CREATE FOREIGN TABLE ov_places ()
SERVER crunchy_lake_analytics
OPTIONS (path 's3://overturemaps-us-west-2/release/2024-04-16-beta.0/theme=places/type=*/*/?s3_region=us-west-2', format 'parquet');
CREATE FOREIGN TABLE
postgres=# \d ov_places
                                                 Foreign table "public.ov_places"
   Column    |                                Type                                 | Collation | Nullable | Default | FDW options
-------------+---------------------------------------------------------------------+-----------+----------+---------+-------------
 id          | text                                                                |           |          |         |
 geometry    | bytea                                                               |           |          |         |
 bbox        | crunchy_struct.xmin_xmax_ymin_ymax_35464140                         |           |          |         |
 version     | integer                                                             |           |          |         |
 update_time | text                                                                |           |          |         |
 sources     | crunchy_struct.property_dataset_record_id_confidence_acf6e375[]     |           |          |         |
 names       | crunchy_struct.primary_common_rules_d47e3951                        |           |          |         |
 categories  | crunchy_struct.main_alternate_58e0a237                              |           |          |         |
 confidence  | double precision                                                    |           |          |         |
 websites    | text[]                                                              |           |          |         |
 socials     | text[]                                                              |           |          |         |
 emails      | text[]                                                              |           |          |         |
 phones      | text[]                                                              |           |          |         |
 brand       | crunchy_struct.wikidata_names_b40589be                              |           |          |         |
 addresses   | crunchy_struct.freeform_locality_postcode_region_country__4d9a9db[] |           |          |         |
 theme       | text                                                                |           |          |         |
 type        | text                                                                |           |          |         |
Server: crunchy_lake_analytics
FDW options: (path 's3://overturemaps-us-west-2/release/2024-04-16-beta.0/theme=places/type=*/*/?s3_region=us-west-2', format 'parquet')

The types that live in the crunchy_struct schema are the auto-generated composite types for the underlying STRUCT fields.
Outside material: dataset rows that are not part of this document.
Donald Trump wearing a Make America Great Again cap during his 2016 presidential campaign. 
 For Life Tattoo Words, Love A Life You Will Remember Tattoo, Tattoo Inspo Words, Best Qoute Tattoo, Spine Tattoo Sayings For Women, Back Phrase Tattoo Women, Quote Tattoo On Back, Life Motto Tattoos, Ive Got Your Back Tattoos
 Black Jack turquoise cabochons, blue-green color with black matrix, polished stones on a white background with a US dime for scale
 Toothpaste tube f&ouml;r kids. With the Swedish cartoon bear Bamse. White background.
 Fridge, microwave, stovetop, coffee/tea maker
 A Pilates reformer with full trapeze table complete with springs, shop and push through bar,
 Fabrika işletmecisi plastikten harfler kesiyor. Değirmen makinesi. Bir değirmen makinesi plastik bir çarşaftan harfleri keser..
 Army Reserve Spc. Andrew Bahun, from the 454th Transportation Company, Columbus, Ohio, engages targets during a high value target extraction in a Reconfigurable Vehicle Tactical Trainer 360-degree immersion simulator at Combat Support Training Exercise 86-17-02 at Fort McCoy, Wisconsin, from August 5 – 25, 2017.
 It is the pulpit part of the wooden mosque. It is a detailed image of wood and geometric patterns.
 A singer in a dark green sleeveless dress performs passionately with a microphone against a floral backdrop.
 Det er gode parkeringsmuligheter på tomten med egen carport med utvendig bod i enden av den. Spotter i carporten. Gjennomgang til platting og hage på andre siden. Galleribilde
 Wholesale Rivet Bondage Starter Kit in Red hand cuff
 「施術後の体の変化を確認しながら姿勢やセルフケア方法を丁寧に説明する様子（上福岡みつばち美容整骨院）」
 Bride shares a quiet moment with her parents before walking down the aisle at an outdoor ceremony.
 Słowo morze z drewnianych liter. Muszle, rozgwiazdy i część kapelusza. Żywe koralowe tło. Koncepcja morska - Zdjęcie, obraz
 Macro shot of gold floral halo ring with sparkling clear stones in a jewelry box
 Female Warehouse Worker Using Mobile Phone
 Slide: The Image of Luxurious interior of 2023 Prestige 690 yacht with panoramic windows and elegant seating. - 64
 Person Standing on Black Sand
You can get information about the types via \d:

postgres=# \d crunchy_struct.wikidata_names_b40589be
                 Composite type "crunchy_struct.wikidata_names_b40589be"
  Column  |                     Type                     | Collation | Nullable | Default
----------+----------------------------------------------+-----------+----------+---------
 wikidata | text                                         |           |          |
 names    | crunchy_struct.primary_common_rules_d47e3951 |           |          |

In this case, you can see that the wikidata_names_b40589be type corresponds to the original type STRUCT { wikidata TEXT, names STRUCT { ... }} . In this case, the names field is a sub-struct, which is also created as a composite type, which you can see in a similar fashion:

postgres=# \d crunchy_struct.primary_common_rules_d47e3951
                      Composite type "crunchy_struct.primary_common_rules_d47e3951"
 Column  |                             Type                              | Collation | Nullable | Default
---------+---------------------------------------------------------------+-----------+----------+---------
 primary | text                                                          |           |          |
 common  | crunchy_map.key_text_val_text                                 |           |          |
 rules   | crunchy_struct.variant_language_value_between_side_3e87a822[] |           |          |

If you were to look at a single record of the top-level struct, it will display in a serialized form, since Postgres does not natively decompose multiple levels of types when it works:

select brand from ov_places where brand is not null limit 1;
brand
-----------------
 ("(Civeco,,)")
(1 row)

When you query inside Postgres against fields which are using STRUCT types you will need to utilize the composite type decomposition syntax; this looks like the following:

select brand from ov_places where brand is not null limit 1;
brand
-----------------
 (,''(Civeco,,)'')
(1 row)
select (brand).* from ov_places where brand is not null limit 1;
 wikidata |   names
----------+------------
          | (Civeco,,)
(1 row)
select ((brand).names).* from ov_places where brand is not null limit 1;
 primary | common | rules
---------+--------+-------
 Civeco  |        |
(1 row)

As you can see, the (foo).* syntax will decompose the composite type into the fields for that subtype, meaning you could do checks like:

select ((brand).names).* from ov_places where ((brand).names).primary <> 'Civeco' limit 1;
      primary       | common | rules
--------------------+--------+-------
 City Impact Church |        |
(1 row)

BINARY data used to be treated as TEXT, but now works transparently using the bytea type in Postgres, so binary data is fully readable/writeable in this form.

MAP types are imported as a custom type, managed by the crunchy_map extension. These types are created in the crunchy_map schema and are effectively an array of a composite key/value pairs. To lookup a specific value from a MAP field, you can use the -> operator (shorthand for the crunchy_map.extract function) which will automatically return the looked-up value, or NULL if such a value does not exist:

select attributes->2 from test_lookups where name = 'Colors';
column
----------
 Green
(1 row)